╭─ Provided information

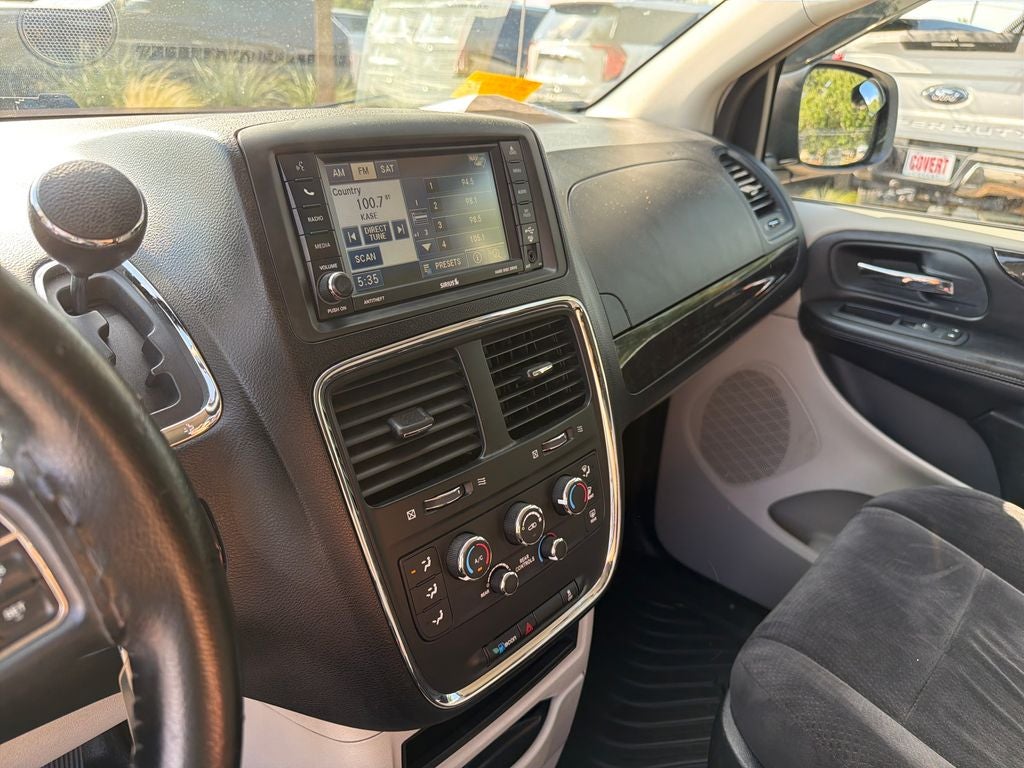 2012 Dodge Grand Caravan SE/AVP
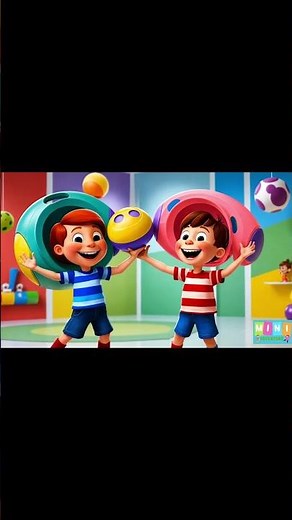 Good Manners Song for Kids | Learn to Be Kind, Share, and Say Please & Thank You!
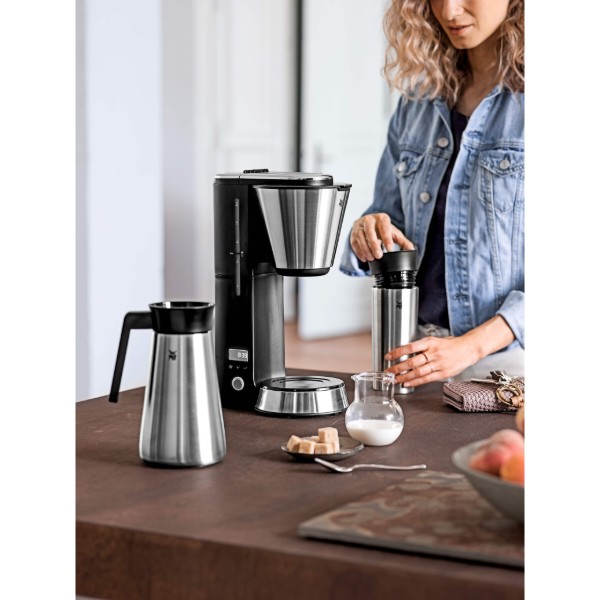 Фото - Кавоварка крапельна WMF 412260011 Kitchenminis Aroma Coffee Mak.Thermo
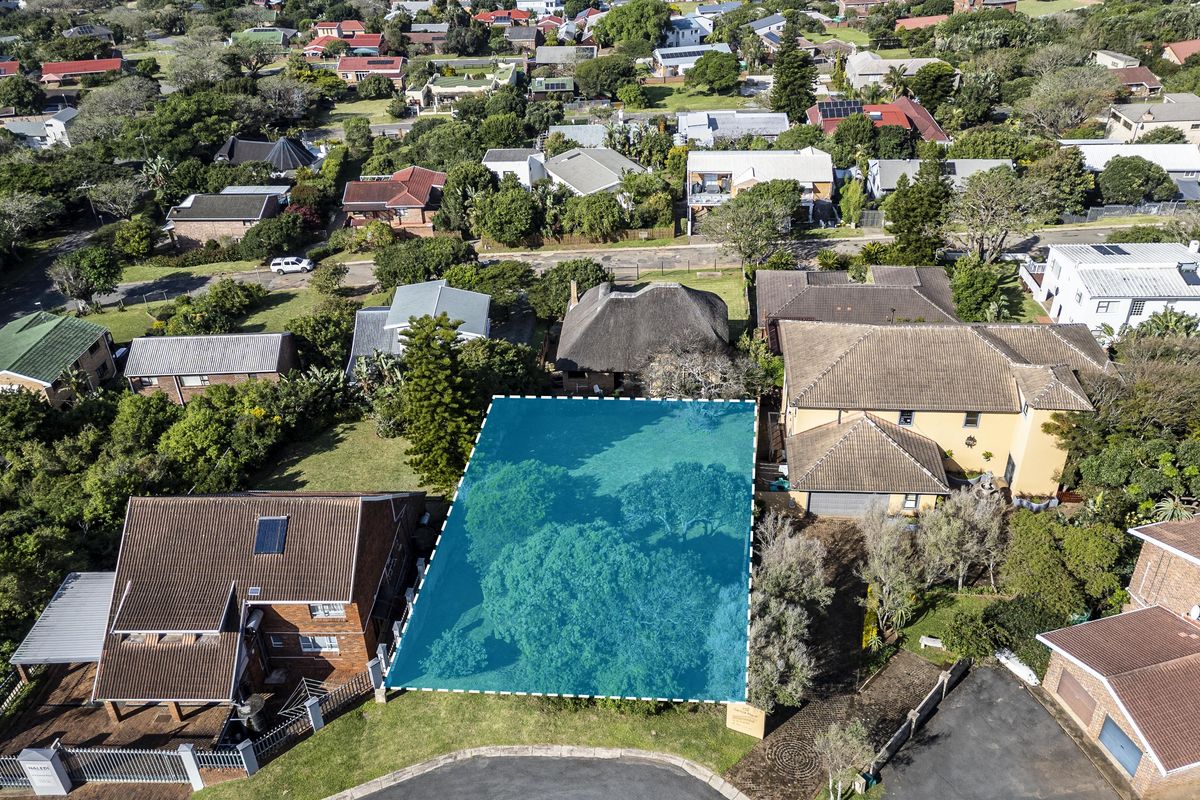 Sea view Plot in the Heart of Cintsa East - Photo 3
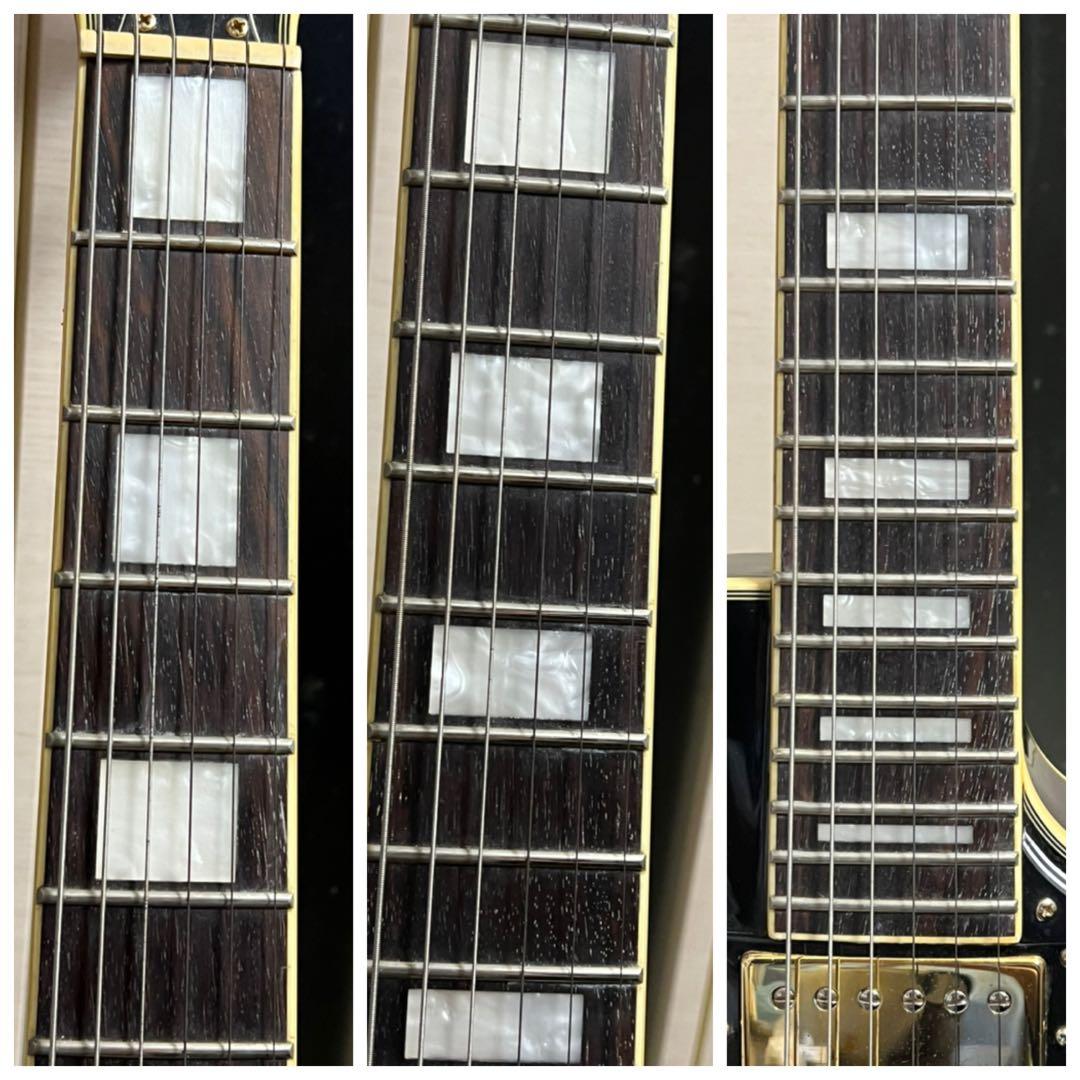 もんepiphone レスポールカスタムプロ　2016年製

╰─

> Exercise requirements: A verbatim transcript of the entries above is required, with the pictures left out.

> Answer to the exercise:
 2012 Dodge Grand Caravan SE/AVP
 Good Manners Song for Kids | Learn to Be Kind, Share, and Say Please & Thank You!
 Фото - Кавоварка крапельна WMF 412260011 Kitchenminis Aroma Coffee Mak.Thermo
 Sea view Plot in the Heart of Cintsa East - Photo 3
 もんepiphone レスポールカスタムプロ　2016年製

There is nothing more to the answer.